第二篇:Touchscreens 觸控螢幕

課文主文、單字與專業術語

課文主文

Touchscreens are common in devices such as game consoles, all-in-one computers, tablet computers, and smartphones. They also play a prominent role in digital appliances such as personal digital assistants and satellite navigation devices. A touchscreen is an electronic visual display that users input through simple or multi-touch gestures by touching the screen with one or more fingers. Some touchscreens also detect objects such as a stylus or ordinary or specially coated gloves. Users can use touchscreens to react to what is displayed and to control how it is displayed, for example to zoom the text size.

The popularity of smartphones, tablets, and many types of information appliances has driving the demand and acceptance of common touchscreens for portable and functional electronics. Touchscreens are popular in both medical and heavy industries, as well as in kiosks such as museum displays or room automation. In those industries and locations, keyboards and mouse systems normally do not allow a suitably intuitive, rapid, or accurate interaction between users and content of the display.

Historically, touchscreen sensors and their accompanying controller-based firmware have been made available by a wide array of system integrators, and not by display, chip, or motherboard manufacturers. Display manufacturers and chip manufacturers worldwide have acknowledged the trend toward acceptance of touchscreens as a highly desirable user interface component and have begun to integrate touchscreens into the fundamental design of their products.

Resistive and capacitive touches are the two major touchscreen technologies. A resistive touchscreen panel is comprised of two thin, transparent electrically-resistive layers. These layers are separated by a thin space. The two layers face each other with a thin gap between. The top screen, or the one that is touched, has a coating on the underside surface. Just beneath it is a similar resistive layer on top of its substrate. A voltage is applied to one layer, and sensed by the other. When an object, such as a fingertip or stylus tip, presses down on the outer surface, the two layers touch to become connected at that point. The panel then behaves as a pair of voltage dividers, one axis at a time. By rapidly switching between each layer, the position of a pressure on the screen can be read.

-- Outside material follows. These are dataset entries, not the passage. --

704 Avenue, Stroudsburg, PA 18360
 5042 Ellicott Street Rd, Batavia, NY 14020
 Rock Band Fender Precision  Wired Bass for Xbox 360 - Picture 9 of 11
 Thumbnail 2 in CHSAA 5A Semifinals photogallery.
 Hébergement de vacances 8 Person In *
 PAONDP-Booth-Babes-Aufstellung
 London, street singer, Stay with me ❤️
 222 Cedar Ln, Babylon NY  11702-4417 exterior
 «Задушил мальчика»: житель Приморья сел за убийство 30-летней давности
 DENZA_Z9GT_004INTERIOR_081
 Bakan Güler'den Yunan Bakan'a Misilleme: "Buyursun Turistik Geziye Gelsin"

Resistive touch is used in public locations such as restaurants, factories and hospitals due to its high resistance to liquids and contaminants. A major benefit of this technology is its low cost. Additionally, as only sufficient pressure is necessary for the touch to be sensed, they may be used with gloves on, or by using anything rigid as a finger/stylus substitute. The disadvantages of this technology include the need to press down and a risk of damage by sharp objects. Due to having additional reflections from the extra layer of material placed over the screen, resistive touchscreens also have poorer contrast.

A capacitive touchscreen panel consists of an insulator such as glass, coated with a transparent conductor. As human body is an electrical conductor, touching the surface of the screen results in a distortion of the screen's electrostatic field, measurable as a change in capacitance. Unlike a resistive touchscreen, one cannot use a capacitive touchscreen through most types of electrically insulating material, such as gloves. This disadvantage affects usability in consumer electronics, such as touch tablets and capacitive smartphones in cold weather. It, however, can be overcome with a special capacitive stylus, or a special-application glove with an embroidered patch of conductive thread passing through it and contacting the user's fingertip.